By February 1987 though, Simon’s basic position – that his rights as an artist should trump all other issues – was no longer tenable. Therefore, he sought to defuse the criticism by staging (and filming) a concert in neighbouring Harare, featuring long time anti-apartheid musicians Hugh Masekela and Miriam Makeba alongside some of the musicians ( eg Ladysmith Black Mambazo, Ray Phiri) who had performed on the Graceland album. It was largely left to the black artists on stage to make the political statements against apartheid. This may have created something of a secondary problem for Ladysmith – an a capella group from Kwazulu Natal who were strongly opposed to apartheid, but who were also supporters of the ANC’s fierce political rival, the Inkatha Freedom Party. Standing on stage in Harare singing what was then simply the ANC’s anthem “ Nkosi Sikelele iAfrica” may not have been an entirely enjoyable experience.
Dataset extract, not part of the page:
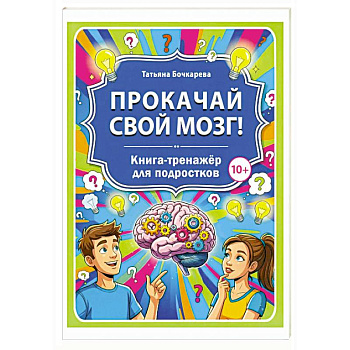 Прокачай свой мозг! Книга-тренажер для подростков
If Simon had thought that taking the musicians out of South Africa would defuse the issue, it only seemed to compound it. “ No grace in Graceland,” the Harare Herald concluded after the show, before attacking Simon as a ‘musical coloniser” who had “discovered” South African music solely for his own benefit. The ANC office in Lusaka then called for boycotts of the Graceland US and European concerts. At this point, Simon changed tack a little. Up until then, he had tended to dodge questions about whether he supported the ANC by saying he had no quarrel with them, which isn’t quite the same thing.

Now, with the fate of the Graceland tour potentially in the balance, Simon wrote a letter to the UN stating that he was “ working for the end of the apartheid system…in the context of the UN cultural boycott.“ The letter then went on to say that ANC leader Oliver Tambo would shortly address a Los Angeles press conference and announce a re-definition of the cultural boycott that would absolve Simon. Apparently irritated by this attempt to force their hand, the ANC deferred making such a statement – though when they eventually did announce an amendment to the UN cultural boycott that would exempt those artists who were clearly working for the end of the apartheid regime, this concession rang down the curtain on the Graceland conflict. In that respect, Simon could genuinely claim to have won at least a partial victory – in that the vast popularity of Graceland had made the UN’s blanket ban on South African culture no longer sustainable, or on balance, desirable.

At this point, we are left with the music on Graceland – a still extraordinary melding of South African township pop with US singer/songwriter sensibilities. If Steve Berlin of Los Lobos is correct – and the format of the Graceland rehearsal sessions in South Africa does confirm his story – only some of the contributing musicians ever got publishing credit (and royalties) for their creative inputs. By the same token, Simon added immeasurably to what he found in Johannesburg and elsewhere. Only a couple of workaholic perfectionists like Simon and Roy Halee could have worked on those studio jams as long and creatively as they did, in order to create what the Graceland music eventually became.

Due admiration for the album aside, it is still possible to feel ambivalent about Simon’s claim that the needs of art should trump all other concerns, short and long term. No one is arguing that art should automatically defer to politics, any more than to commerce – but any claim for art’s total detachment from its socio-political context is dubious. Late in 1986, Simon explained to the Village Voice :“I’m no good at writing politics. I’m a relationship writer, relationships and introspection.” Fair enough. Yet Simon’s apparent humility, as Robert Christgau noted in the Village Voice, concealed an underlying egotism, that an artist has no responsibility – personal or political – to anything beyond art itself. That stance is convenient more often than it is true. As Christgau indicated, the Western artist’s distrust of politics is the last refuge of every liberal out of their depth.